(How to complete this task)
Please restate the records that follow word for word, omitting any images.

═════ Records for the task

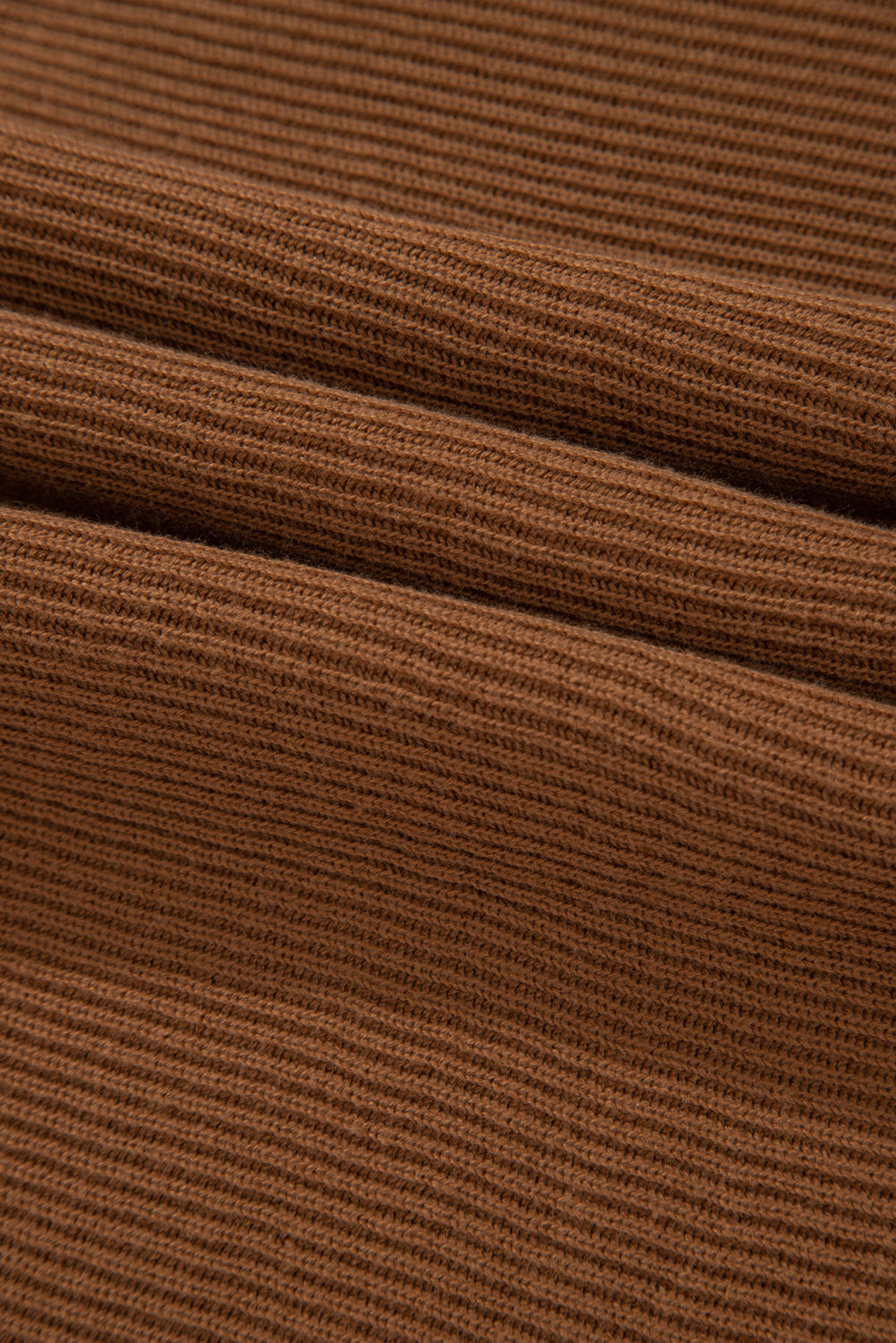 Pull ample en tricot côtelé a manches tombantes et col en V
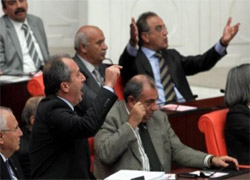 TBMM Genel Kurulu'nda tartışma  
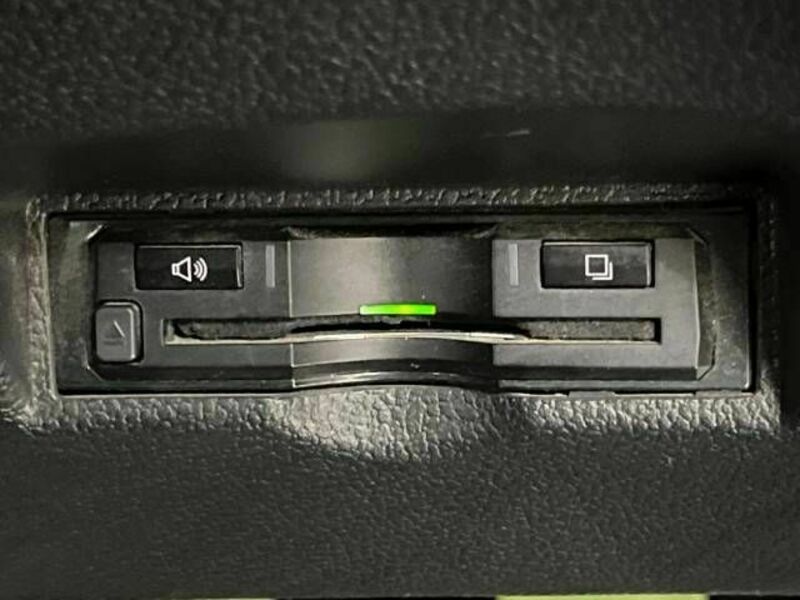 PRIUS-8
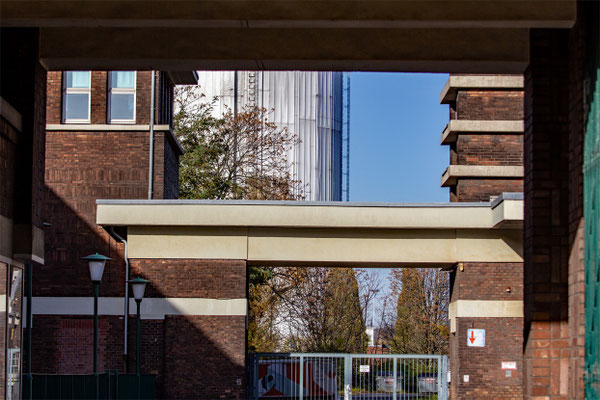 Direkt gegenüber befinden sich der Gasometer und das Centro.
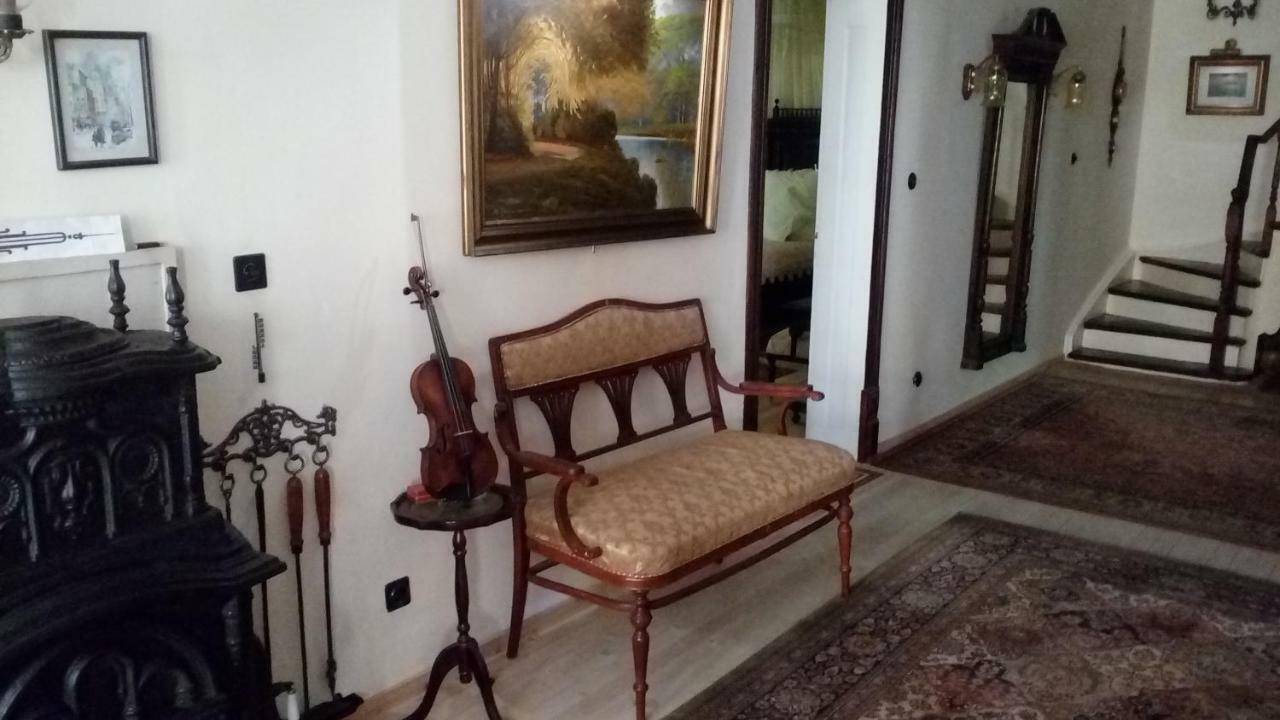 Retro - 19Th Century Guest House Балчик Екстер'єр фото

══════════

(Answer to this exercise)
 Pull ample en tricot côtelé a manches tombantes et col en V
 TBMM Genel Kurulu'nda tartışma  
 PRIUS-8
 Direkt gegenüber befinden sich der Gasometer und das Centro.
 Retro - 19Th Century Guest House Балчик Екстер'єр фото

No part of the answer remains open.